*TRY IT*: Leaving out every picture, please repeat exactly the line that contains "#festivalpnychuti #fpch2026 #moravskykrumlov" and each line after it through the final line below.

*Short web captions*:
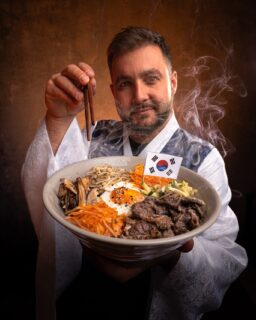 Každá zastávka Festivalu plného chutí je letos jemně okořeněná o jinou zemi.😉 Jak jídlo na talíři, tak i outfit @ondra.blaho, který se letos kromě moderování chopil i role hlavní tváře festivalu, napovídá, že pro 📍Moravský Krumlov se tímto kořením stala Korea.🇰🇷 
🌸2. května si tak užijete nejen fantastické jídlo a pití z regionu, ale budete moci ochutnat korejské speciality a užít si doprovodný program, který bude bavit malé i velké!😍
V Arkádovém nádvoří si během dne budete moci užít přednášky o korejské kultuře, tradicích a písmu✍🏻, připraveny pro vás budou workshopy malby na vějíře🪭 či výrobu ozdobných uzlíků, čeká vás také kvíz o zajímavé ceny a rozhodně si nemůžete nechat ujít exhibice bojového umění Taekwondo 🥋nebo K-POP workshop a taneční vystoupení! 🕺🏻
Celý den pro vás také budou připravený stánky s korejským jídlem včetně stánku @jihomoravsky_kraj_official , kde budete moci ochutnat korejské pochutiny a nápoje. 😋
A pokud prahnete po tom, aby vám to seklo stejně jako Ondrovi na fotce, můžete si odskočit udělat podobnou fotku📷 do našeho fotokoutku, kde budou hanboky (korejské kroje) k zapůjčení! 😍
#festivalpnychuti #fpch2026 #moravskykrumlov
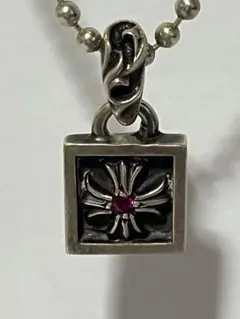 CHROME HEARTS フレームドクロス1ルビーシルバーネックレストップ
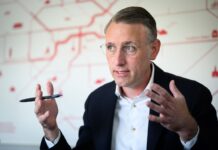 Der neue Chef des Verkehrsverbunds Berlin-Brandenburg sieht für kommendes Jahr höhere Ticketpreise auf die Fahrgäste zukommen.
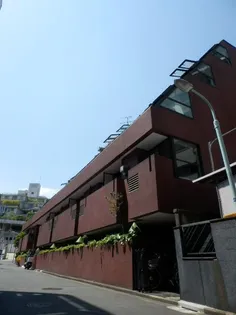 ライオンズマンション六本木【1階】の外観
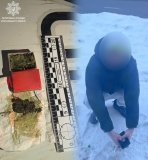 Патрульні зупинили пішохода з речовиною, схожою на наркотичну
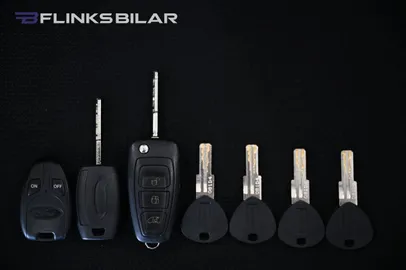 Car image 36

*ANSWER SECTION*:
#festivalpnychuti #fpch2026 #moravskykrumlov
 CHROME HEARTS フレームドクロス1ルビーシルバーネックレストップ
 Der neue Chef des Verkehrsverbunds Berlin-Brandenburg sieht für kommendes Jahr höhere Ticketpreise auf die Fahrgäste zukommen.
 ライオンズマンション六本木【1階】の外観
 Патрульні зупинили пішохода з речовиною, схожою на наркотичну
 Car image 36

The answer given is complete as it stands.